Over the last year while writing my daily blogs, I have often used a specific track on the Insight Timer app to get me in “writing mode.” Sometime during the year, the app introduced a “daily check-in” feature where they ask to choose my current mood. The options are Great, Good, Okay, Bad and Awful.
I have selected “Okay” 99% of the time.
The first 10 times that I selected “Okay”, I didn’t think anything of it. But as I continued to select it, it started concerning me.
I was usually logging into the app before writing, something I love to do. Was something wrong with me because I was choosing Okay all the time? Shouldn’t I be feeling Great or at the very least Good if I was just about to start writing? Shouldn’t I be grateful to be doing something I love?
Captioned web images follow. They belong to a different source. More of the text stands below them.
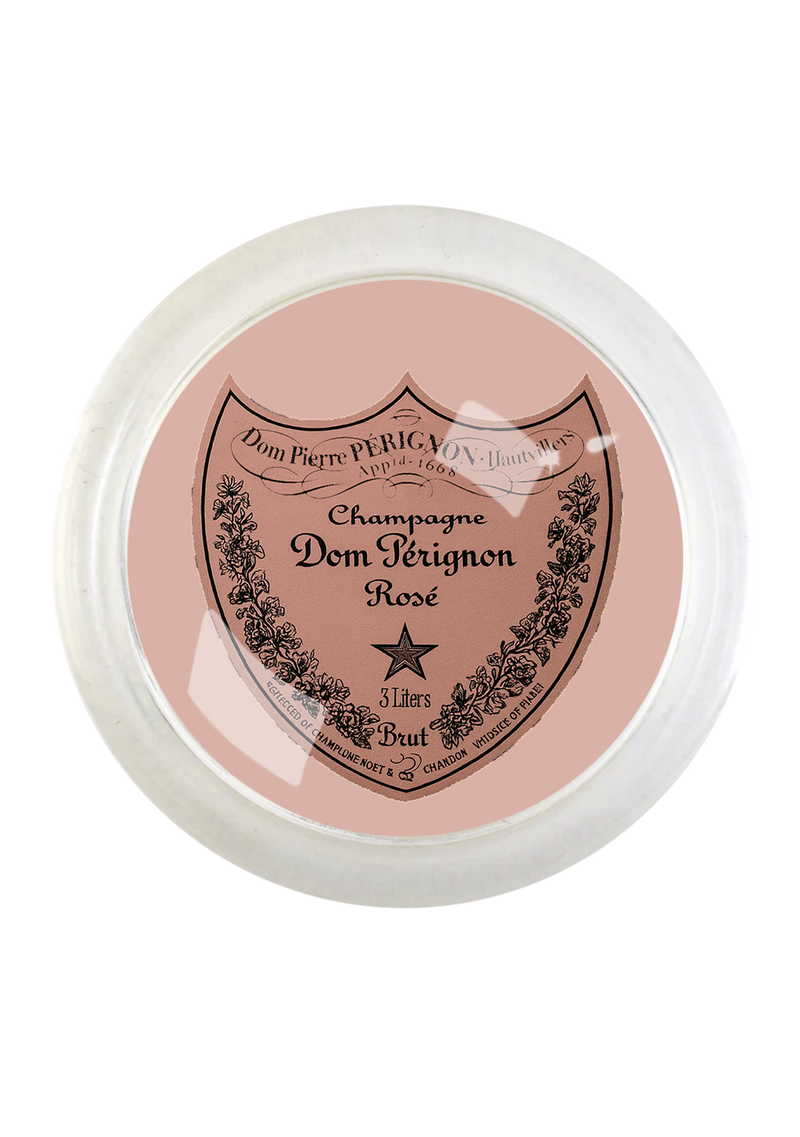 Vintage Dom Perignon Rose 4" Round Glass Coaster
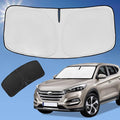 Sun Shade Sunshade for Hyundai Tucson Windshield Cover, 4-Layer Front Window by ZOIBVCARSUNSHADE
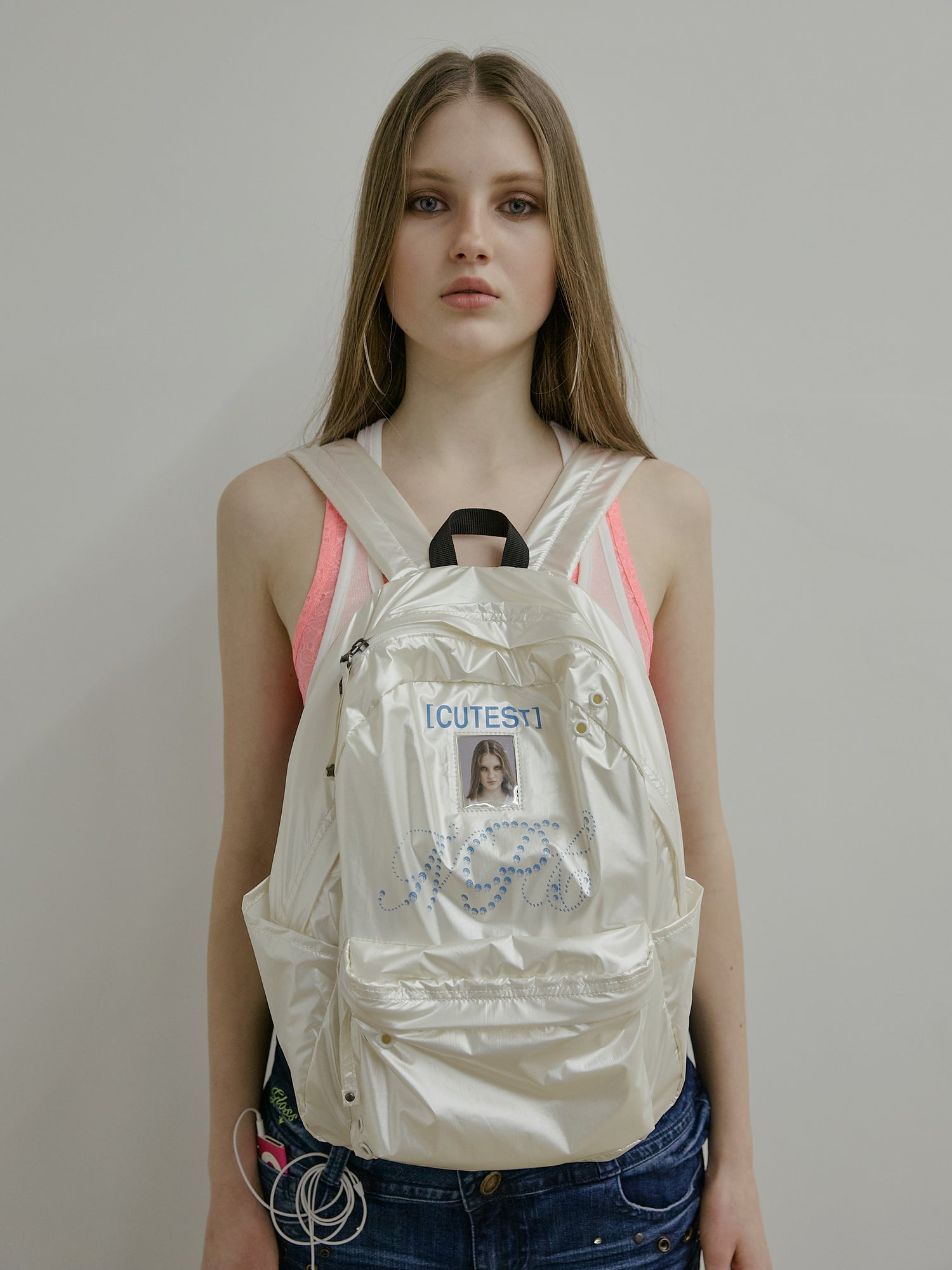 NPC Metallic Backpack White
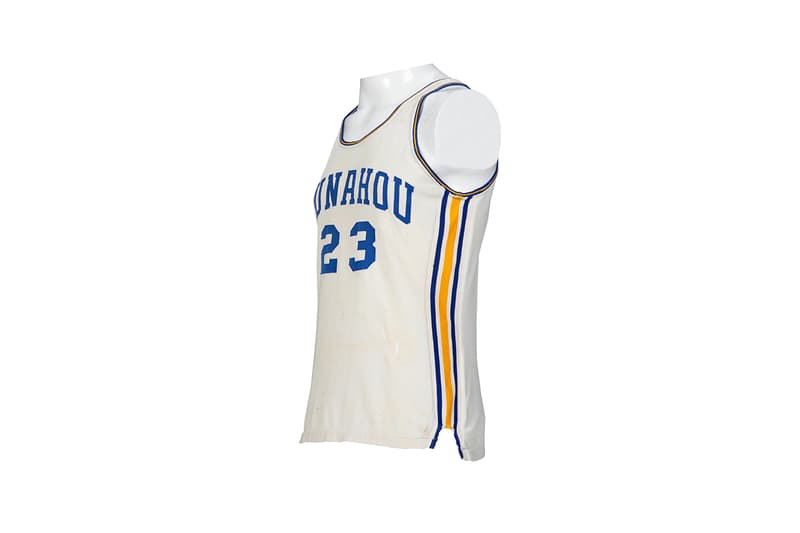 Barack Obama S Punahou Basketball Jersey Auction Hypebeast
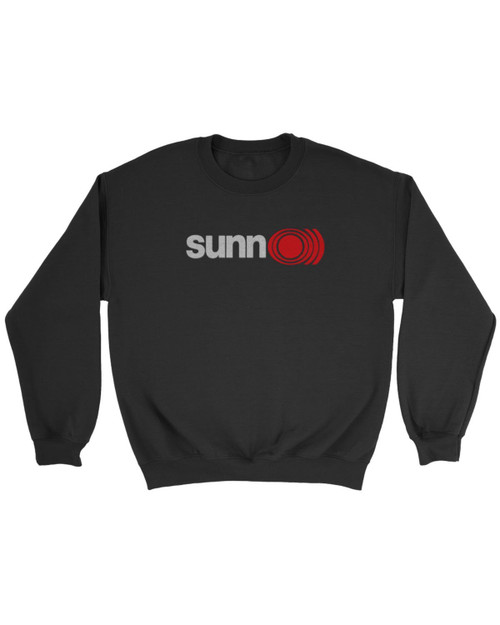 Sunn O Band Red Logo Metal Rock Band Sweatshirt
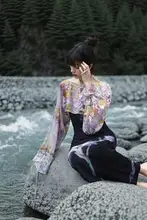 サテン風ショートカーディガン【レトロ・ゆったり・ランタン袖・夏用】（セットアップ対応）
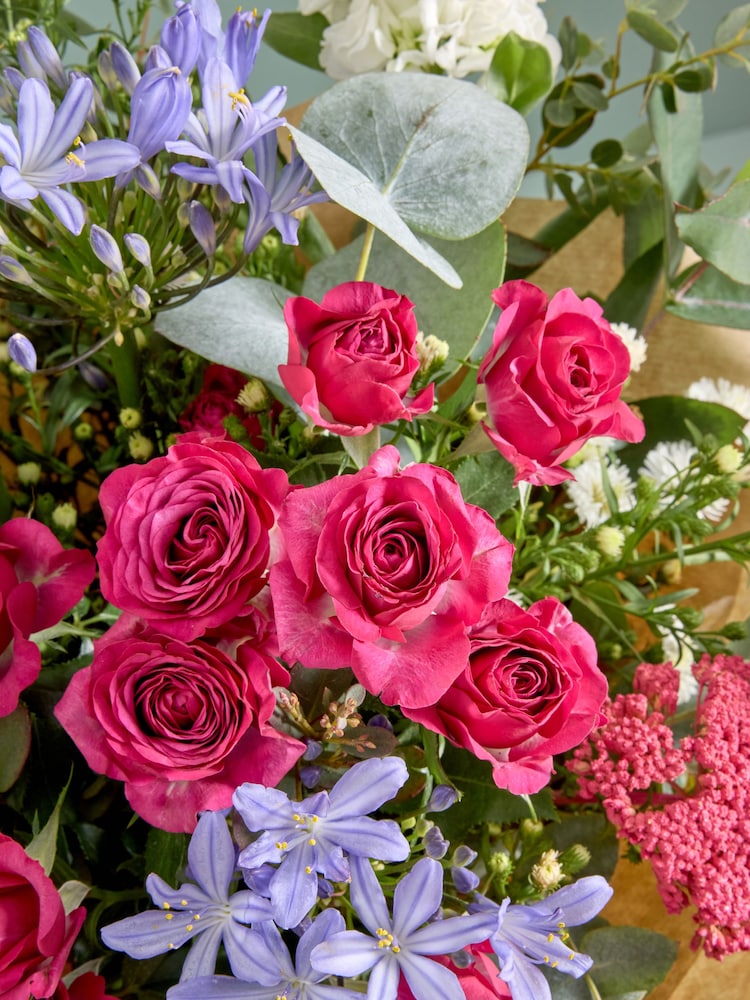 The Chateau by Angel Strawbridge White Rose and Agapanthus Fresh Flower Bouquet in Pail - Image 2 of 5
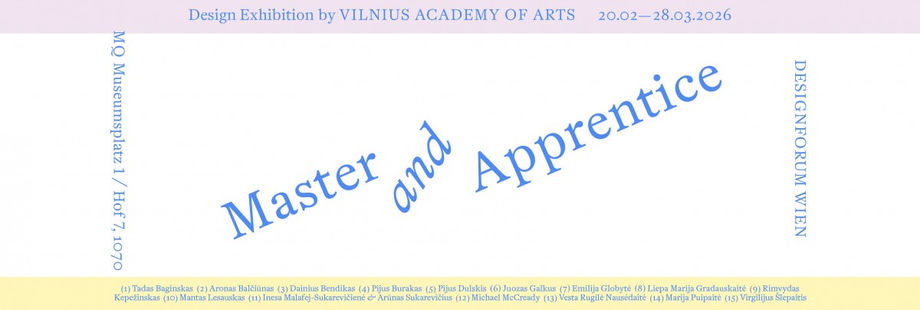 Group exhibition Master and Apprentice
As I continued to select “Okay” over several months, I became okay with being okay because it was true! I toyed with the idea of choosing Good to see if I could trick myself into upping my mood.
But really, “Okay” was the most accurate way to describe how life was going. In our house, we had a bunch of tough stuff happen in 2021. And while I have really enjoyed my creative work, it wasn’t enough to override all of the other emotions happening in my body.
There is probably a way to trick the mind into upleveling my mood but I was not so interested in that. I didn’t want to pretend to be good or great. And I don’t think that being okay is a bad thing. It doesn’t mean that I am not enjoying or appreciating life.
How we feel is separate from how thankful we are.
And having that tension between the two is okay.